Moisture and shrinkage

Earth that holds its shape has a moisture content of 10-23% in its natural state. The more clay, the more moisture it can contain. Thoroughly dried walls have a moisture content of 3-5%. This means that earth with a naturally high moisture content will shrink considerably during drying. To assess the moisture content of the earth, a sample is weighed, dried, then re-weighed. The moisture content is the equivalent of the difference between the two weights.

Generally speaking, earth with a high moisture/clay content is best used for an air-dried earth block. Most of the shrinkage will have taken place before the blocks are laid. Through adding plenty of natural fibres, an earth rich in clay can be used for ramming as in the pisé technique.

Determining compressive strength based on the results in the 'figure-of-eight' test, see Figure 8.4. The practical potential of the earth can be read on the right.

8.3.4 The preparation of earth

Once the earth has been selected using the above methods, the topsoil, which contains organic matter and humus, is removed to a depth of 20-30 cm.
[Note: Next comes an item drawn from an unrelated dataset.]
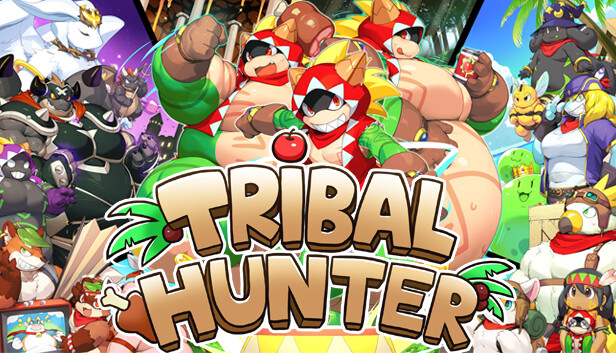 Tribal Hunter capsule_616x353.jpg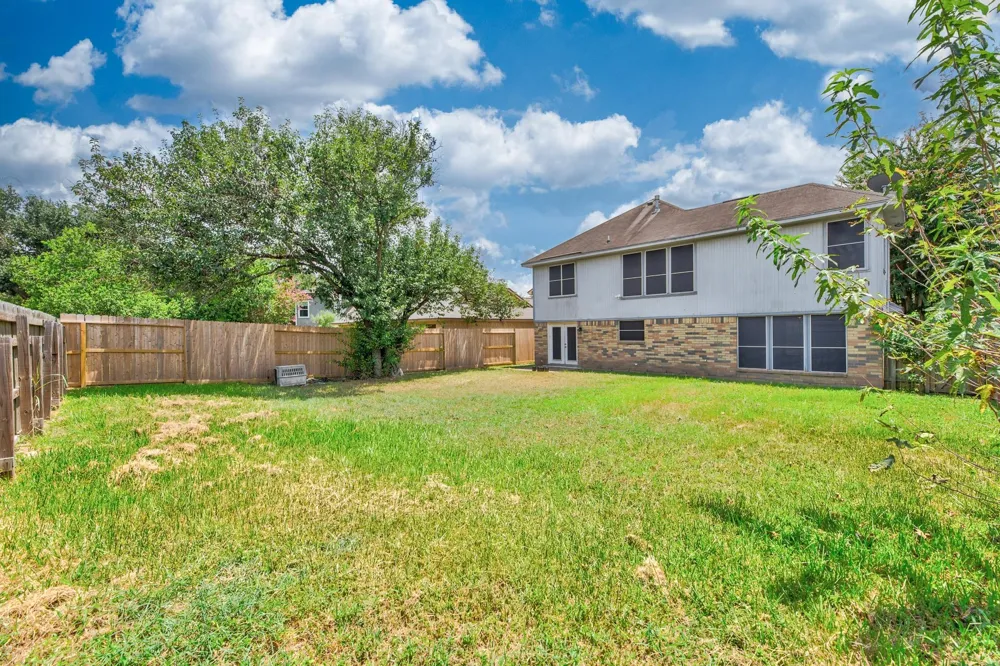 6638 Cove Lake Drive Katy, TX 77449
The earth uncovered is then sieved through a steel net with mesh size of about 2.4 cm for ramming earth, or 1 cm for the production of blocks. If the earth has a variable moisture content, it must be well mixed and stored under a tarpaulin for three to four weeks.

Where necessary, stabilizers or extra sand or clay can be added either during sieving or later with an earth grinder. Mixtures stabilized with cement and lime must be used immediately; others can be stored, but they must be covered with a tarpaulin to preserve the moisture.

8.3.5 Earth structures

Any earth to be used for construction is transported straight to the building site without any industrial treatment. Here it is put into casts to make blocks, or rammed between shuttering to make walls. Mortars are also easily prepared on site. More industrialized products such as tiles and panels can be made in small local industries.